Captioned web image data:
---*---

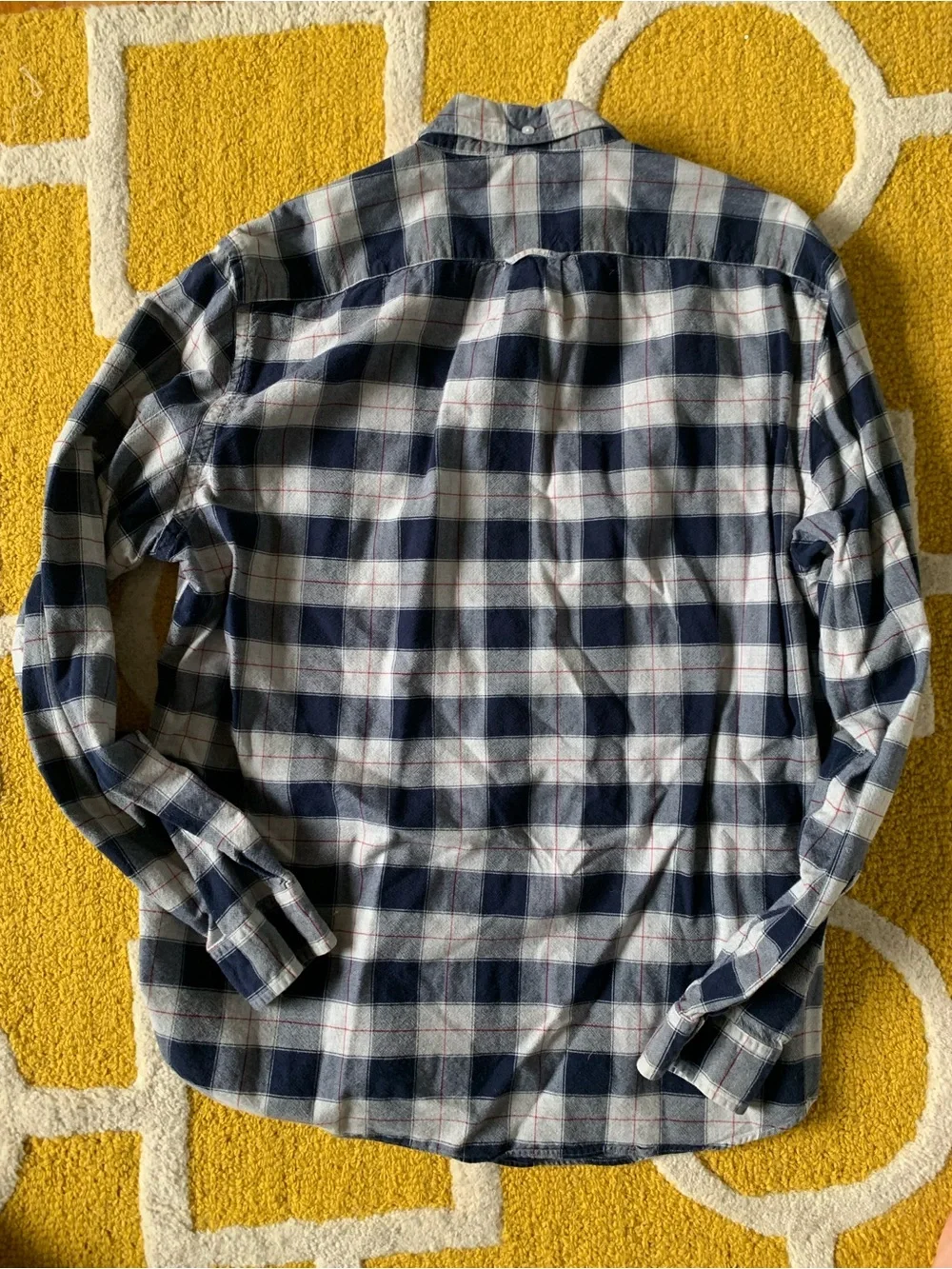 J. Crew Navy and Gray Plaid Button-Down Shirt
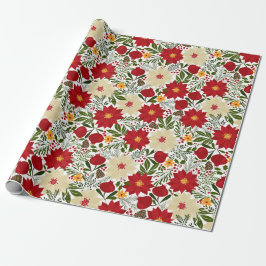 Poinsettia Christmas Floral Geschenkpapier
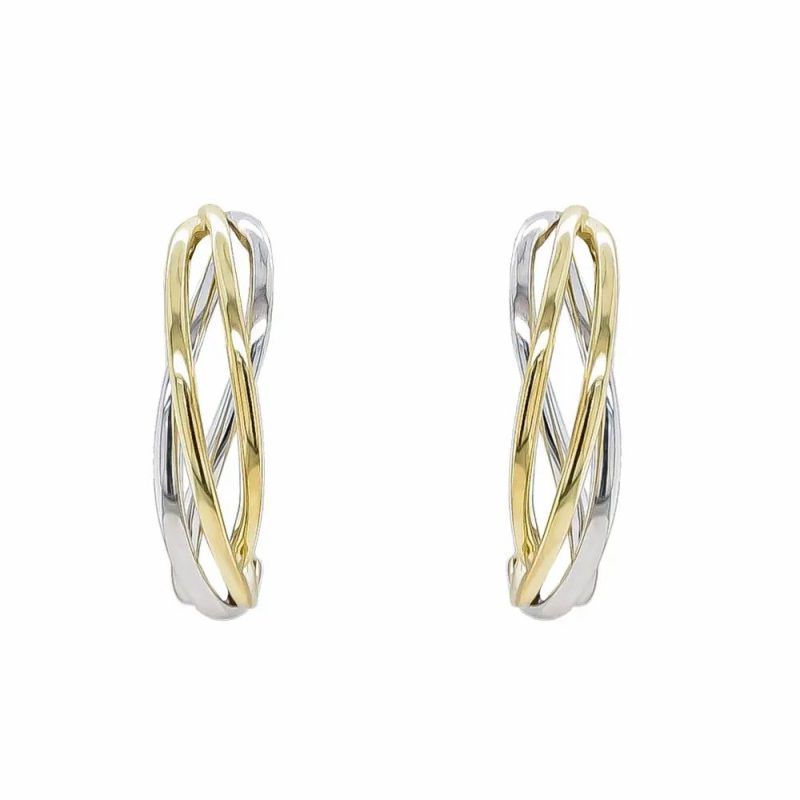 Earrings |   9Ct Yellow & White Gold Entwined Strand Half Hoop Earrings Earrings Earrings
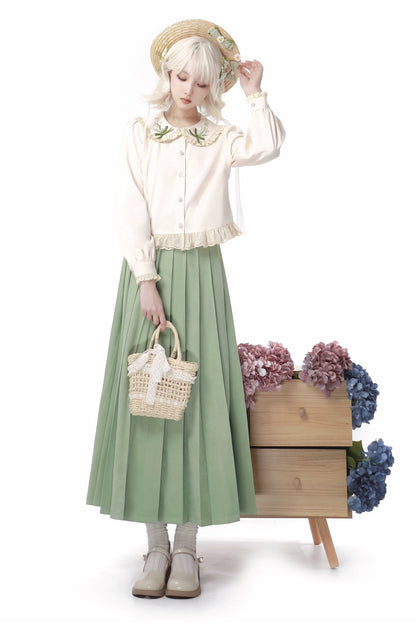 Chinese-style Pleated Skirt Set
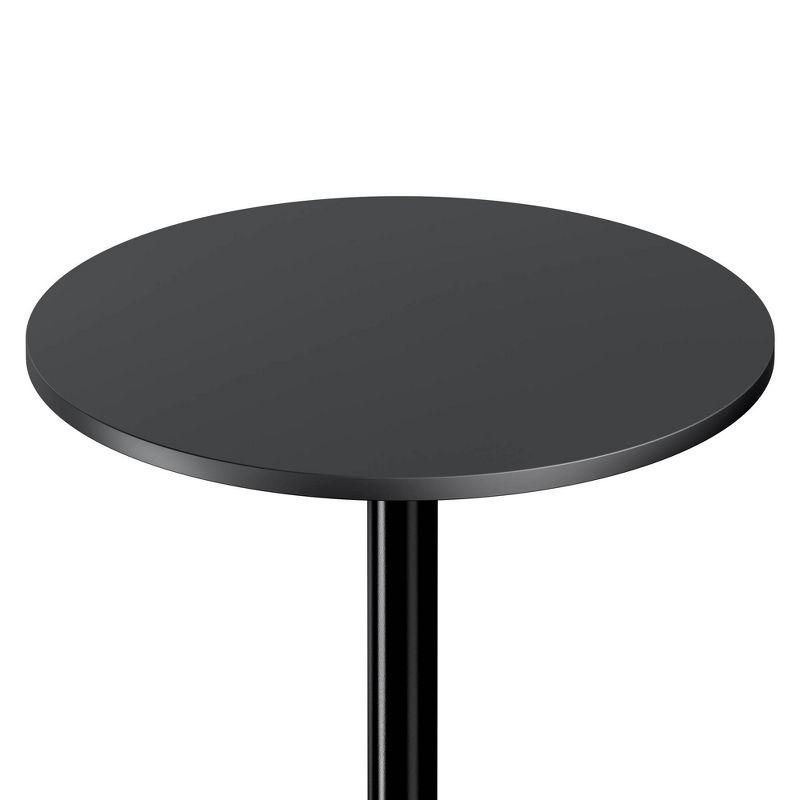 Winsome Obsidian Pub Table Bar Height Wood/Black: Contemporary Round Pedestal, MDF Composite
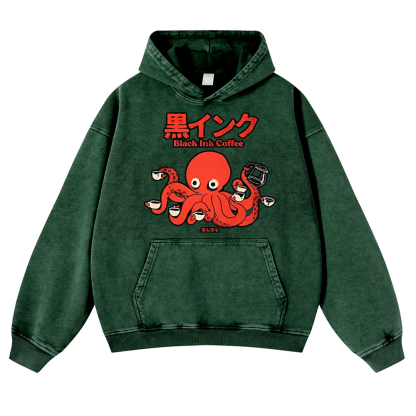 Octopus Coffee Vintage Washed Thick Cotton Hoodie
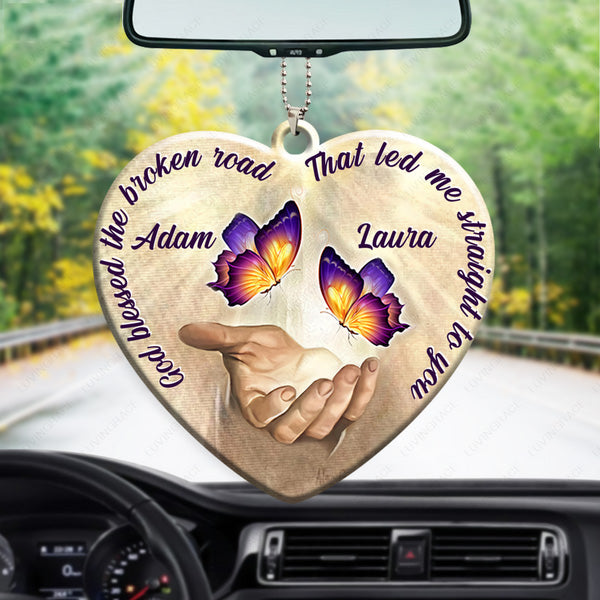 God Blessed Butterfly Couple Customized Acrylic Car Ornament, Perfect Christmas Gift For Family, Friend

---*---

Task instructions: Please output, exactly and with no pictures, only the lines from the one containing "Chinese-style Pleated Skirt Set" through the final line of the records above.

Final answer:
 Chinese-style Pleated Skirt Set
 Winsome Obsidian Pub Table Bar Height Wood/Black: Contemporary Round Pedestal, MDF Composite
 Octopus Coffee Vintage Washed Thick Cotton Hoodie
 God Blessed Butterfly Couple Customized Acrylic Car Ornament, Perfect Christmas Gift For Family, Friend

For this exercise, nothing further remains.